Ways To Modify Downward Facing Dog Pose In Yoga

One of the most common poses you'll encounter in a yoga class is downward-facing dog. You'll do one if your instructor says, "Take a vinyasa." It's also seen as a resting pose after a hard sequence. But downward-facing dog isn't for everyone, especially for beginners, according to YogaU Online. If your feet are at an awkward angle, you could be putting too much strain on your ankles and knees. According to Yoga Anatomy, downward-facing dog could easily create a shoulder impingement when your lats press down and internally rotate your shoulders. If your forearms aren't active in downward-facing dog, you could also put too much pressure on your elbows and wrists.

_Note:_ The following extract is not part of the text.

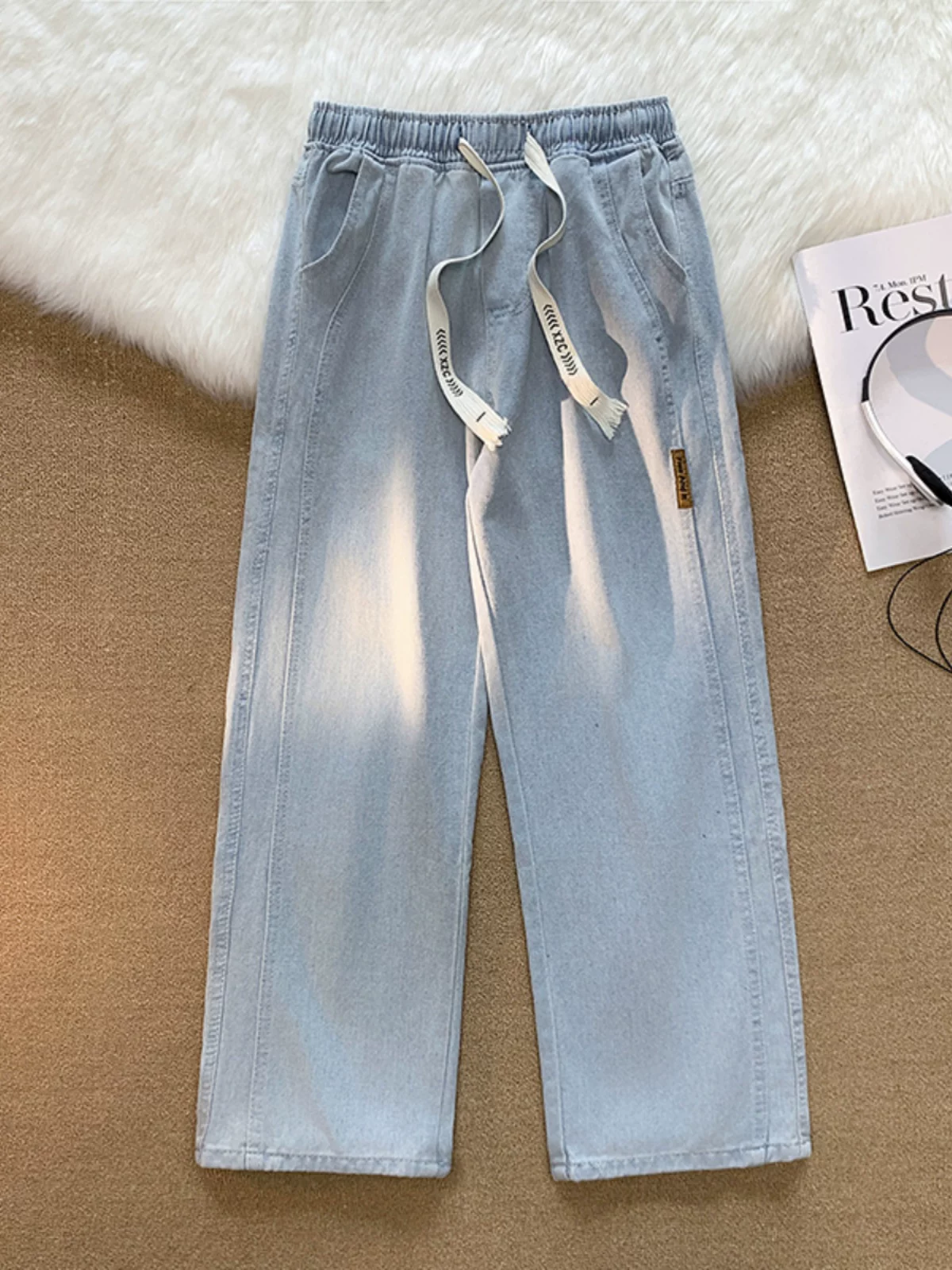 Quần jeans lưng thun chất liệu denim, kiểu dáng thời trang, phong cách trẻ trung dành cho nam giới, mùa xuân thu, kiểu Nhật, dáng rộng, ống thẳng, dài.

TheĀ Living Well Institute says downward-facing dog involves a lot of muscular strength and endurance and mobility in the lower back and pelvis. Because there is so much room for error in the pose, over time, doing it can lead to injury if you're not using proper form. Think of it this way, favoring one foot while you're standing might not be noticeable for a while, but it could lead to an imbalance in the future if you're not careful.

You should avoid downward-facing dog if you have high blood pressure or you're pregnant (via The New York Times). If you have a wrist injury (related to yoga or not), downward dog might not feel very good. If your instructor calls for a downward-facing dog and you'd like to perform a less intense version, here are some ways to modify the pose.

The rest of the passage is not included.